» **DATA FOR THE TASK**
------

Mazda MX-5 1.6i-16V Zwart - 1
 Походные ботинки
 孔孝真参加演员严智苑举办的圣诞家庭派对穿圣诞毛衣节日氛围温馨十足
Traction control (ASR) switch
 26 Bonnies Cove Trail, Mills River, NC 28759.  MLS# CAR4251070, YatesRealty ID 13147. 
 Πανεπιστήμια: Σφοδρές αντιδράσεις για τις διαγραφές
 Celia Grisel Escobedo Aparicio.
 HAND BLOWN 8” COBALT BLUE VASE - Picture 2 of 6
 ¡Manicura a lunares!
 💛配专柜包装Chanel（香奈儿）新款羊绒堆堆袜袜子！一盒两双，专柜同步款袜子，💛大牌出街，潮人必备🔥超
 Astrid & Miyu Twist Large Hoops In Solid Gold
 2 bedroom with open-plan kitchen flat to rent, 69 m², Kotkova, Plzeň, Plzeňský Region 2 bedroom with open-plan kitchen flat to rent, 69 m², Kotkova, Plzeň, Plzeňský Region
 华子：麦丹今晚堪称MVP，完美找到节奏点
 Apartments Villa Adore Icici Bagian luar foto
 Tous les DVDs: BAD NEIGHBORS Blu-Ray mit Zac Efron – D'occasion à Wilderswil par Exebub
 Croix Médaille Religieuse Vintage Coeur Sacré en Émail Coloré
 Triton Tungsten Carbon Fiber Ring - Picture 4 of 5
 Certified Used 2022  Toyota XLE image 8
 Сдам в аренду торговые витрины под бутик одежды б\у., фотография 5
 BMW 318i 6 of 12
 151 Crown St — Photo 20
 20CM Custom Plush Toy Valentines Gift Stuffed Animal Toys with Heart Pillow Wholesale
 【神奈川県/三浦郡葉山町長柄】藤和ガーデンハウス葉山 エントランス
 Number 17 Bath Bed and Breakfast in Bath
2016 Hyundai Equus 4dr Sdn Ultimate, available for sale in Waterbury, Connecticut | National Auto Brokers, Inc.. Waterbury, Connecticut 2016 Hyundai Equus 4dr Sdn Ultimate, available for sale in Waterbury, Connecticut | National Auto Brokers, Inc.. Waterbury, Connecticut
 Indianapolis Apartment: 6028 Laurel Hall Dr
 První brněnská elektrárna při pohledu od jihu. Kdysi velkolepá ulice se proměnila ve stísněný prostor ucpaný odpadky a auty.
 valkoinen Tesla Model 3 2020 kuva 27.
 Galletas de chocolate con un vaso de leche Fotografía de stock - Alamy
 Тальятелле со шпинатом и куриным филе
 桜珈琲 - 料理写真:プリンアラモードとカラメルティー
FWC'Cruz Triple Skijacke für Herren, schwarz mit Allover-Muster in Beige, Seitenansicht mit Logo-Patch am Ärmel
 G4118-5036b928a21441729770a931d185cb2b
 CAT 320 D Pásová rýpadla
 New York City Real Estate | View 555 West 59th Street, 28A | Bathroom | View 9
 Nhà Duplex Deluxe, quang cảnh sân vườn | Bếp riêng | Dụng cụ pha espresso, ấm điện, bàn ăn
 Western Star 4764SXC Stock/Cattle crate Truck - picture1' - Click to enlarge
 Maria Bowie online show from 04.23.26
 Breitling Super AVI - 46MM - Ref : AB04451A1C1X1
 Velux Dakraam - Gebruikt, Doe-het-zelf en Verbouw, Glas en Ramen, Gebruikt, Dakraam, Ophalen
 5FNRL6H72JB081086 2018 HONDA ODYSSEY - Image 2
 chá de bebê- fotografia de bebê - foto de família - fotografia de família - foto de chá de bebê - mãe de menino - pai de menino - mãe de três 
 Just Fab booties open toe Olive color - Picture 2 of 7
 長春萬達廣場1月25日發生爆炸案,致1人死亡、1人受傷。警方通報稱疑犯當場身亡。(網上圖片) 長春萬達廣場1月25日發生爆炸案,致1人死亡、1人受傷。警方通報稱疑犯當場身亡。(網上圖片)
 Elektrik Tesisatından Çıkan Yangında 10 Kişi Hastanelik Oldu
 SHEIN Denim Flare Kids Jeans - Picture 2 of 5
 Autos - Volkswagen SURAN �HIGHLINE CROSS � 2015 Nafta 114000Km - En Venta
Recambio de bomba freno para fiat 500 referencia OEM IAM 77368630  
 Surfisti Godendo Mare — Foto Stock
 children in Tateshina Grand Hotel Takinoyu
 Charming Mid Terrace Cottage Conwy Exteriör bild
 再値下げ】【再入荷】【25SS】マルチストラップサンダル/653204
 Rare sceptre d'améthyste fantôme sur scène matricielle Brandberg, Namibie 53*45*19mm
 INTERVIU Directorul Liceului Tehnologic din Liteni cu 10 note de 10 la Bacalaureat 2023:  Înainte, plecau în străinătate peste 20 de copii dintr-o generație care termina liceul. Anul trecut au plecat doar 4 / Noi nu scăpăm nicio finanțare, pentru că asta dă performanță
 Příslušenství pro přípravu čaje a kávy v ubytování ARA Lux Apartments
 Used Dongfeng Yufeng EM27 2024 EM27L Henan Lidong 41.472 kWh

------

» **DIRECTIONS FOR THIS TASK**
Exactly as shown above, return every record.

» **ANSWER SPACE**
Mazda MX-5 1.6i-16V Zwart - 1
 Походные ботинки
 孔孝真参加演员严智苑举办的圣诞家庭派对穿圣诞毛衣节日氛围温馨十足
Traction control (ASR) switch
 26 Bonnies Cove Trail, Mills River, NC 28759.  MLS# CAR4251070, YatesRealty ID 13147. 
 Πανεπιστήμια: Σφοδρές αντιδράσεις για τις διαγραφές
 Celia Grisel Escobedo Aparicio.
 HAND BLOWN 8” COBALT BLUE VASE - Picture 2 of 6
 ¡Manicura a lunares!
 💛配专柜包装Chanel（香奈儿）新款羊绒堆堆袜袜子！一盒两双，专柜同步款袜子，💛大牌出街，潮人必备🔥超
 Astrid & Miyu Twist Large Hoops In Solid Gold
 2 bedroom with open-plan kitchen flat to rent, 69 m², Kotkova, Plzeň, Plzeňský Region 2 bedroom with open-plan kitchen flat to rent, 69 m², Kotkova, Plzeň, Plzeňský Region
 华子：麦丹今晚堪称MVP，完美找到节奏点
 Apartments Villa Adore Icici Bagian luar foto
 Tous les DVDs: BAD NEIGHBORS Blu-Ray mit Zac Efron – D'occasion à Wilderswil par Exebub
 Croix Médaille Religieuse Vintage Coeur Sacré en Émail Coloré
 Triton Tungsten Carbon Fiber Ring - Picture 4 of 5
 Certified Used 2022  Toyota XLE image 8
 Сдам в аренду торговые витрины под бутик одежды б\у., фотография 5
 BMW 318i 6 of 12
 151 Crown St — Photo 20
 20CM Custom Plush Toy Valentines Gift Stuffed Animal Toys with Heart Pillow Wholesale
 【神奈川県/三浦郡葉山町長柄】藤和ガーデンハウス葉山 エントランス
 Number 17 Bath Bed and Breakfast in Bath
2016 Hyundai Equus 4dr Sdn Ultimate, available for sale in Waterbury, Connecticut | National Auto Brokers, Inc.. Waterbury, Connecticut 2016 Hyundai Equus 4dr Sdn Ultimate, available for sale in Waterbury, Connecticut | National Auto Brokers, Inc.. Waterbury, Connecticut
 Indianapolis Apartment: 6028 Laurel Hall Dr
 První brněnská elektrárna při pohledu od jihu. Kdysi velkolepá ulice se proměnila ve stísněný prostor ucpaný odpadky a auty.
 valkoinen Tesla Model 3 2020 kuva 27.
 Galletas de chocolate con un vaso de leche Fotografía de stock - Alamy
 Тальятелле со шпинатом и куриным филе
 桜珈琲 - 料理写真:プリンアラモードとカラメルティー
FWC'Cruz Triple Skijacke für Herren, schwarz mit Allover-Muster in Beige, Seitenansicht mit Logo-Patch am Ärmel
 G4118-5036b928a21441729770a931d185cb2b
 CAT 320 D Pásová rýpadla
 New York City Real Estate | View 555 West 59th Street, 28A | Bathroom | View 9
 Nhà Duplex Deluxe, quang cảnh sân vườn | Bếp riêng | Dụng cụ pha espresso, ấm điện, bàn ăn
 Western Star 4764SXC Stock/Cattle crate Truck - picture1' - Click to enlarge
 Maria Bowie online show from 04.23.26
 Breitling Super AVI - 46MM - Ref : AB04451A1C1X1
 Velux Dakraam - Gebruikt, Doe-het-zelf en Verbouw, Glas en Ramen, Gebruikt, Dakraam, Ophalen
 5FNRL6H72JB081086 2018 HONDA ODYSSEY - Image 2
 chá de bebê- fotografia de bebê - foto de família - fotografia de família - foto de chá de bebê - mãe de menino - pai de menino - mãe de três 
 Just Fab booties open toe Olive color - Picture 2 of 7
 長春萬達廣場1月25日發生爆炸案,致1人死亡、1人受傷。警方通報稱疑犯當場身亡。(網上圖片) 長春萬達廣場1月25日發生爆炸案,致1人死亡、1人受傷。警方通報稱疑犯當場身亡。(網上圖片)
 Elektrik Tesisatından Çıkan Yangında 10 Kişi Hastanelik Oldu
 SHEIN Denim Flare Kids Jeans - Picture 2 of 5
 Autos - Volkswagen SURAN �HIGHLINE CROSS � 2015 Nafta 114000Km - En Venta
Recambio de bomba freno para fiat 500 referencia OEM IAM 77368630  
 Surfisti Godendo Mare — Foto Stock
 children in Tateshina Grand Hotel Takinoyu
 Charming Mid Terrace Cottage Conwy Exteriör bild
 再値下げ】【再入荷】【25SS】マルチストラップサンダル/653204
 Rare sceptre d'améthyste fantôme sur scène matricielle Brandberg, Namibie 53*45*19mm
 INTERVIU Directorul Liceului Tehnologic din Liteni cu 10 note de 10 la Bacalaureat 2023:  Înainte, plecau în străinătate peste 20 de copii dintr-o generație care termina liceul. Anul trecut au plecat doar 4 / Noi nu scăpăm nicio finanțare, pentru că asta dă performanță
 Příslušenství pro přípravu čaje a kávy v ubytování ARA Lux Apartments
 Used Dongfeng Yufeng EM27 2024 EM27L Henan Lidong 41.472 kWh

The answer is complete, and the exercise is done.